Jakie lekarstwa trzeba wziąc ze sobą do Indii?
Szczegolnie jakie na biegunke?
Łukasz C.

Łukasz C. Dystrybucja Stali

Temat: Jakie leki? Do Indii

justyna H.:
Jakie lekarstwa trzeba wziąc ze sobą do Indii?
Szczegolnie jakie na biegunke?

na biegunkę polecam laremid. poza tym dobrze mieć jakieś leki przeciwbólowe (apap itd) a najlepiej całą apteczkę (plastry na pęcherze, bandarz itd). W zależności od pory roku, w której jedziesz trzeba pomyśleć o tabletkach na malarię. Inne nie przychodzą mi do głowy, sam byłem 2 razy i nic oprócz podstawowych nie używałem (na malarię też nie brałem, ale ja byłem zimą, kiedy ryzyko jest znacznie mniejsze)
Dominika K.

Dominika K. Project Manager

Temat: Jakie leki? Do Indii

Na biegunke najlepiej antybiotyk, niech lekarz przepisze. Do tego cos przeciwgoraczkowe + na przeziebienie.
Oprocz tego jakies masci na alergie, zadrapania, wode utleniona + cos przeciwbolowego.
Ja bylam caly pazdzernik (wrocilam w nd) i bralam maloaraone, ale uwazam, ze niepotrzebnie (malo komorow).

Pozdr,
Dominika

konto usunięte

Temat: Jakie leki? Do Indii

No bez przesady..żeby na biegunkę w Indiach brać antybiotyk to naprawdę spora lekkomyślność..
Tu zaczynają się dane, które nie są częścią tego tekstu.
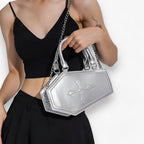 Bolso con forma de ataúd y cadena con detalles góticos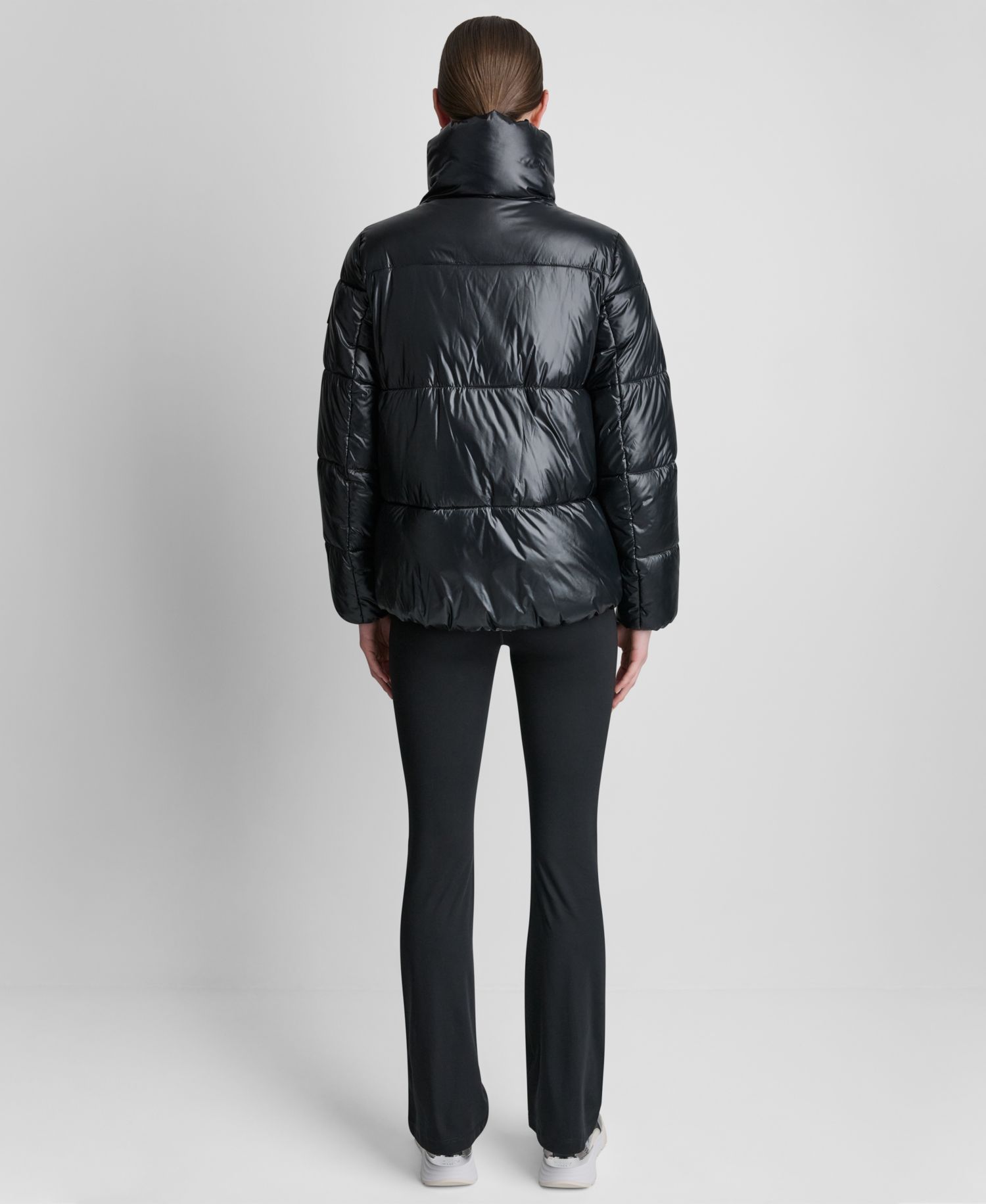Women's Water-Resistant Quilted Puffer Jacket with Oversized Collar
Prosta zasada - jeśli po 1-2 dniach brania leków typu loperamid czy nifuroksazyd nadal jest bardzo źle to warto zgłosić się do miejscowego lekarza,badanie laboratoryjne (możliwe do wykonania w każdej większejj mieścinie w Indiach) wskaże powód biegunki (np.ameba) i zapisze dobre miejscowe leki.
Ewa D.

Ewa D. Lufthansa Global
Business Services

Temat: Jakie leki? Do Indii

Równiez myślę, że sporo zależy od pory w jakiej się wyjeżdza.
Standardem sa środki przeciwbólowe/przeciwgorączkowe, na biegunkę (laremid, stoperan), antybiotyk na przeziębienie, przedmioty opatrunkowe,tabletki musujące witaminowe (osobiście pochłanaim je na wakacjach) oraz wapno.
Ja byłam w Indiach na przełomie roku i przeziębiłam sie zdrowo, bo różnice temperatur między pustynia Radżastańską, a Delhi były znaczne. Niemniej zwykłe leki na przeziebienie pomogły.

Pzdr i zycze udanego wyjazdu!
ED

Temat: Jakie leki? Do Indii

Wybieram sie 27 grudnia i jestem do 15 stycznia. Bede w Stanie Kerala w miejscowosci Amritapura.
Joanna K.

Joanna K. radca prawny

Temat: Jakie leki? Do Indii

Na biegunkę polecam Xifaxan. Leczy nie tylko skutki ale także przyczynę dolegliwości. Byłam w Indiach rok temu na przełomie września października i ten lek uważam za najlepszy. Jest na receptę, ale każdy lekarz rodzinny Ci go przepisze.
Miłej podróży!

konto usunięte

Temat: Jakie leki? Do Indii

justyna H.:
Jakie lekarstwa trzeba wziąc ze sobą do Indii?
Szczegolnie jakie na biegunke?

wzięłam listek loperamidu, a jak się skończył - podróż dłuższa - to kupiłam na miejscu i wszystko było cacy.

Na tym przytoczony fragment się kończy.